This is acceptable (but not advisable) because the $\exists$ clauses are separate.   
In casual english the statement reads:
With two sets $A$ to $B$,
Condition 1: There is a bijective function, lets call it $f$, from $A$ to  $B$.  
Condition 2: There is a bijective function, lets call it $f$, from $B$ to $A$.
Condition 1 if and only if Condition 2.
The functions both referred to as $f$ do no both refer to the same function.  Indeed if $A$ and $B$ are different sets this is would clearly be false if the two functions were the same they have different domains.

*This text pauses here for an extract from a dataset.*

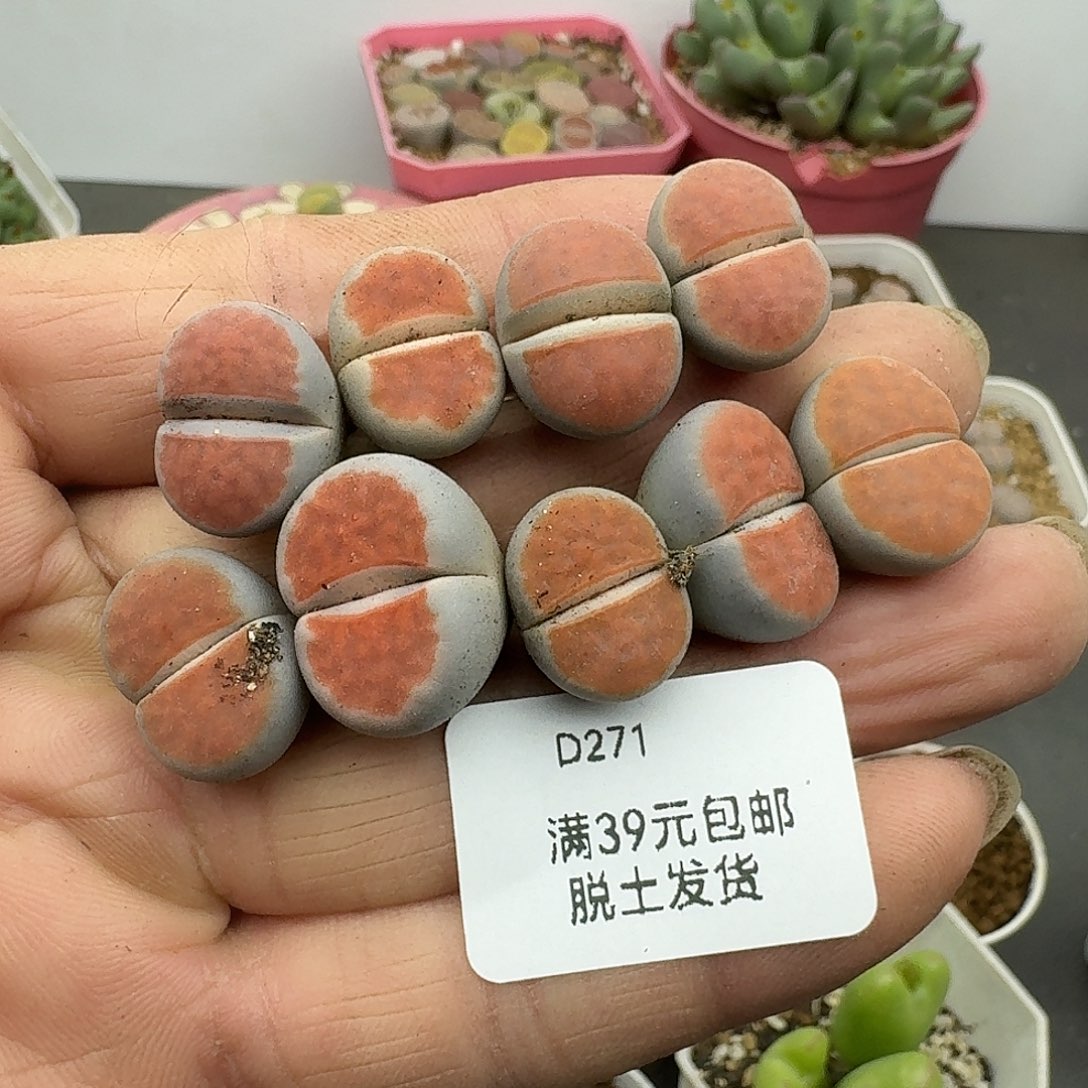 271多肉哈哈哈哈哈哈哈哈哈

Technically the domain is part of the definition of a function and if functions have different names they are different functions.
But if you take the naive (and in my opinion, reasonable) mistake that a function is the rule and can be restricted and extended to different domains and ranges and still be the same function this is still obviously false.  Just pick an $x$ where $f(x) = y;$ but $f(y)$ either doesn't exist or $f(y) \ne x$ and then you have $f:\{x\} \to \{y\}$ is a bijection but $f:\{y\}\to \{x\}$ isn't even a reasonable function.
If $A,B$ aren't subsets of the same "space" this concept is pure gibberish.   Let $f:\{"a", "b", .... ,"z"\} \to \mathbb N_{26}$ via $f(a) = 1; f(b) = 2$ etc. but $f:\mathbb N_{26}\to \{"a", "b", .... ,"z"\}$ is nonsense.  $f(n)$ isn't defined.  $f$ takes letters as its input; not numbers.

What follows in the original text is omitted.